Authors: Avipsa Roy*, Arizona State University, Trisalyn Nelson, Arizona State University
Topics: Geographic Information Science and Systems, Spatial Analysis & Modeling, Transportation Geography
Keywords: Bias-correction, LASSO, Big Data, Bicycling, Urban Planning, Crowdsourcing, Machine Learning
Session Type: Paper
Presentation File: No File Uploaded
Cities supporting pro-bicycling policies require data on how ridership varies across cities and changes over time. Traditional approaches to data collection lack sufficient coverage and are often expensive, as a result, cities are more inclined towards using crowdsourced data platforms like Strava to understand ridership patterns. However, Strava data are biased towards bicyclists who typically use Strava, and women, children, elderly, and lower-income bicyclists are usually undersampled.

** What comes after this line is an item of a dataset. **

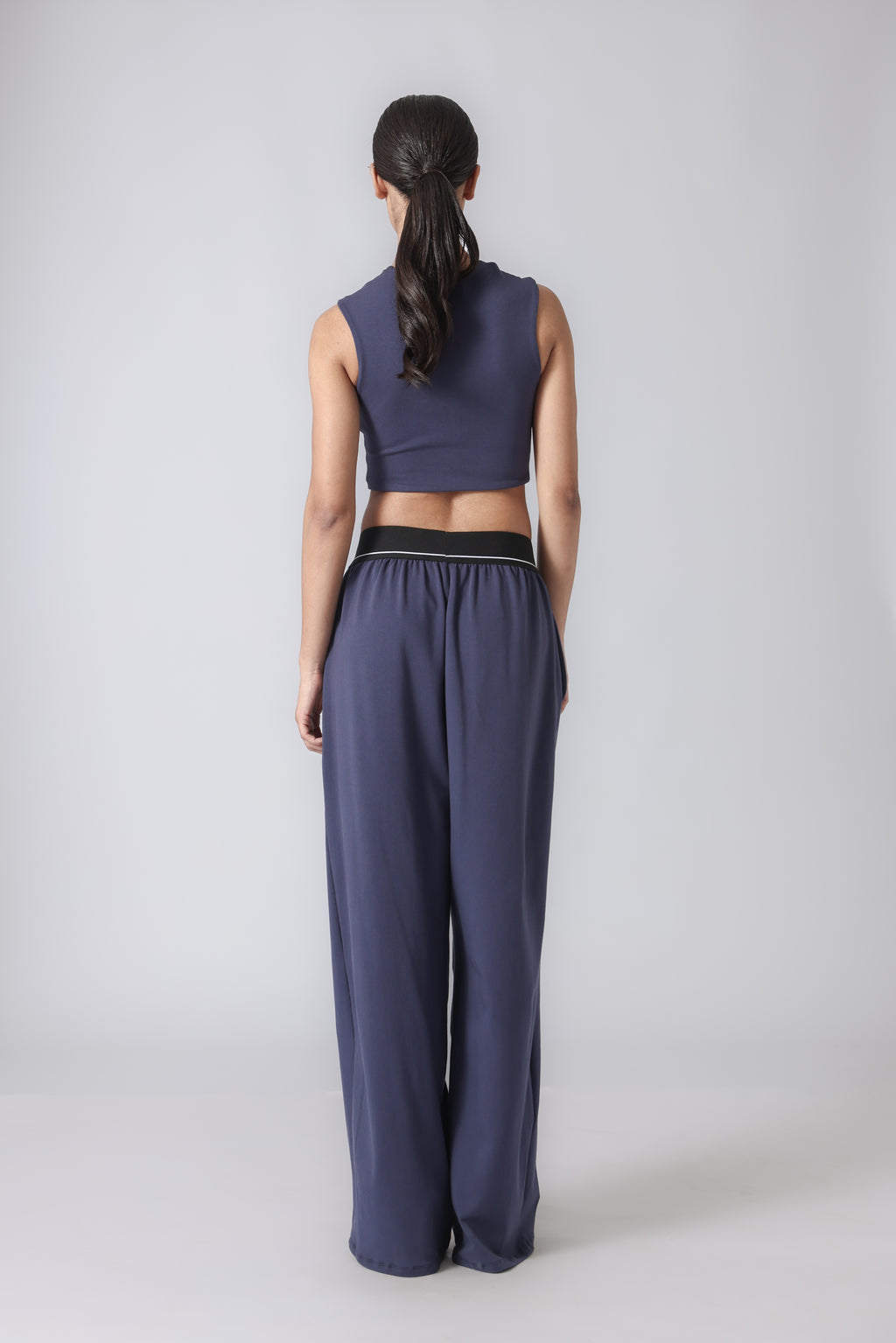 STAY READY CROPTOP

Using statistical models and GIS correct sampling bias by developing adjustment factors that are sensitive to street or path characteristics. However, developing adjustment factors requires advanced data analysis skills. A generalized approach to correcting bias in crowdsourced data (eg: Strava) is required to enable cities making decisions using such data sources to have data reflective of all ages and abilities of bicyclists, help improve bicycle ridership and bridge the knowledge gap between analysts and policymakers. Our goal is to develop a method for identifying adjustment factors that are sensitive to the characteristics of street and path segments and can inform urban planners about the bicycle ridership patterns from bias-corrected crowdsourced data across multiple cities. In this study, we identify adjustment factors to correct bias in crowdsourced data in five North American cities. We select bias-adjustment factors specific to each city using a machine learning algorithm called LASSO. The selected factors are then used in a Poisson regression model to predict overall ridership across all cities. We assess prediction accuracy and comment on what are the best practices for improving data collection.